§ Information given:
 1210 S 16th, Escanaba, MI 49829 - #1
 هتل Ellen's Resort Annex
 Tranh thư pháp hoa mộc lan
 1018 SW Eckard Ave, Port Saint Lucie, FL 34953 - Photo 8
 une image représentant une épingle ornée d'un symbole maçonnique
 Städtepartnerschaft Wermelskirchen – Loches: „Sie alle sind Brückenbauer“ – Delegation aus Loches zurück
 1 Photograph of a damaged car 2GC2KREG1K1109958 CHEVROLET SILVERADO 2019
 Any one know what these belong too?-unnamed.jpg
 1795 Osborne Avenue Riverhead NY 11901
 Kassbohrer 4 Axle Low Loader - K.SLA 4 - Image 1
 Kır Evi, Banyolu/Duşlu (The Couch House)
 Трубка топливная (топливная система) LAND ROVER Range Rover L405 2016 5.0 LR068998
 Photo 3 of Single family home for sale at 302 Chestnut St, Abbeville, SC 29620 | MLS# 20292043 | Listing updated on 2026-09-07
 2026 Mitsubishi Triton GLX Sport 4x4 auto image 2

§ Your instructions:
Copy out the lines above word for word, stopping after the line containing "Kassbohrer 4 Axle".

§ Response:
 1210 S 16th, Escanaba, MI 49829 - #1
 هتل Ellen's Resort Annex
 Tranh thư pháp hoa mộc lan
 1018 SW Eckard Ave, Port Saint Lucie, FL 34953 - Photo 8
 une image représentant une épingle ornée d'un symbole maçonnique
 Städtepartnerschaft Wermelskirchen – Loches: „Sie alle sind Brückenbauer“ – Delegation aus Loches zurück
 1 Photograph of a damaged car 2GC2KREG1K1109958 CHEVROLET SILVERADO 2019
 Any one know what these belong too?-unnamed.jpg
 1795 Osborne Avenue Riverhead NY 11901
 Kassbohrer 4 Axle Low Loader - K.SLA 4 - Image 1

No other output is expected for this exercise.